Google is becoming like that irritating customer who thinks he’s so clever for figuring out that stripper probably really isn’t named Fantasia, what with asking people, “No, really, what’s your real name?” Welcome to our world, online handle users! Choosing a work name is one of the first things nearly every sex worker does when entering the business. My name isn’t really Bubbles, Kat’s driver’s license says something else, and Charlotte wasn’t given that name at birth. We all have different reasons for using other identities online from the frivolous (to bitch about work without trouble) to the very serious (malevolent stalkers).
One of our own contributors, chelsea g. summers, has battled with serious online harassment. She’s “come out” under her real name as part of a project that hopes to demonstrate the importance of pseudonyms, the My Name Is Me site, that uses personal stories to illustrate the importance of retaining control over what name you use online.
That site/project came about in response to the (admittedly spotty) enforcement of the use of “real names” on Google Plus. One of the reasons Twitter is my favorite social network is how it allows users freedom to present themselves as they wish. Facebook and Google Plus require more constant vigilance about your privacy settings and who you friend. Maintaining a presence on those sites while protecting your privacy requires a constant battle with ever-changing visibility settings and name requirements.

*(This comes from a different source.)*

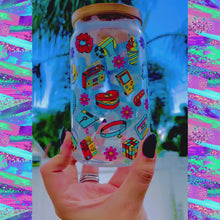 Load and play video in Gallery viewer, A 16oz BPA-free glass cup featuring a colorful 90s-themed UVDTF wrap with icons like Game Boys, cassette tapes, roller skates, and boomboxes. Comes with a bamboo lid and reusable glass straw, perfect for nostalgic drinkware lovers.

My Name Is Me has a dedicated category for sex workers. Artist Molly Crabapple describes how she started using her name while working as a nude model, and unlike Janice, chooses to only identify herself that way today, as should be her decision to make. We’re willing to make a deal: You don’t ask us what our real names are, and we’ll put up with the occasional troll, sock puppet, or middle-aged man posing as an escort blogger in order to keep whatever degree of privacy, safety, and anonymity we can still maintain online.